§ WORK INSTRUCTIONS
Lines from the one containing "this 700×465 image." through the final line of the records are the only ones to copy, and each must match exactly.

[Items from a dataset]
*** Block opens ***
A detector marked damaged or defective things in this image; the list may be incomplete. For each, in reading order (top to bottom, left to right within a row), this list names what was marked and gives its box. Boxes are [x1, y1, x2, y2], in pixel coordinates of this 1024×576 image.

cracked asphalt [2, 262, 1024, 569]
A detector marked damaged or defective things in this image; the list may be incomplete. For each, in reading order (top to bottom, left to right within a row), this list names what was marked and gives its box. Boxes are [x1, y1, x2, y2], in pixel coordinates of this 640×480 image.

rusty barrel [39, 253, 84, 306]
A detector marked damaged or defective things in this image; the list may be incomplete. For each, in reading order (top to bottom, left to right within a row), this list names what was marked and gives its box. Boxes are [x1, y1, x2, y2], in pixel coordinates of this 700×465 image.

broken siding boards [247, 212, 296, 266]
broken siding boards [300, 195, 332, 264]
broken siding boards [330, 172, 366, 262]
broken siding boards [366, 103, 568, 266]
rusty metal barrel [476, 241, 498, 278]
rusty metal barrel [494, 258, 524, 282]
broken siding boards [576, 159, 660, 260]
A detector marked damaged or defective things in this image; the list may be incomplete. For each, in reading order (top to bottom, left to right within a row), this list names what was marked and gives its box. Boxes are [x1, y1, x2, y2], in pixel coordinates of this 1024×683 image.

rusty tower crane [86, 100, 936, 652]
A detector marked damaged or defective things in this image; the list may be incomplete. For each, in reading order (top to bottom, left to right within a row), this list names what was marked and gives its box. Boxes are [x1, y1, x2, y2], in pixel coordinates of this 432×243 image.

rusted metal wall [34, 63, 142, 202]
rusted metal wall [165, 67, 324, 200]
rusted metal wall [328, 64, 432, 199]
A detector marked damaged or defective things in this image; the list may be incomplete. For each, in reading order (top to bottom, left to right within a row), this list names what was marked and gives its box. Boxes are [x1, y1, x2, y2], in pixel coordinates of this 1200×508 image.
*** Block closes ***
§ ANSWER SECTION
A detector marked damaged or defective things in this image; the list may be incomplete. For each, in reading order (top to bottom, left to right within a row), this list names what was marked and gives its box. Boxes are [x1, y1, x2, y2], in pixel coordinates of this 700×465 image.

broken siding boards [247, 212, 296, 266]
broken siding boards [300, 195, 332, 264]
broken siding boards [330, 172, 366, 262]
broken siding boards [366, 103, 568, 266]
rusty metal barrel [476, 241, 498, 278]
rusty metal barrel [494, 258, 524, 282]
broken siding boards [576, 159, 660, 260]
A detector marked damaged or defective things in this image; the list may be incomplete. For each, in reading order (top to bottom, left to right within a row), this list names what was marked and gives its box. Boxes are [x1, y1, x2, y2], in pixel coordinates of this 1024×683 image.

rusty tower crane [86, 100, 936, 652]
A detector marked damaged or defective things in this image; the list may be incomplete. For each, in reading order (top to bottom, left to right within a row), this list names what was marked and gives its box. Boxes are [x1, y1, x2, y2], in pixel coordinates of this 432×243 image.

rusted metal wall [34, 63, 142, 202]
rusted metal wall [165, 67, 324, 200]
rusted metal wall [328, 64, 432, 199]
A detector marked damaged or defective things in this image; the list may be incomplete. For each, in reading order (top to bottom, left to right within a row), this list names what was marked and gives its box. Boxes are [x1, y1, x2, y2], in pixel coordinates of this 1200×508 image.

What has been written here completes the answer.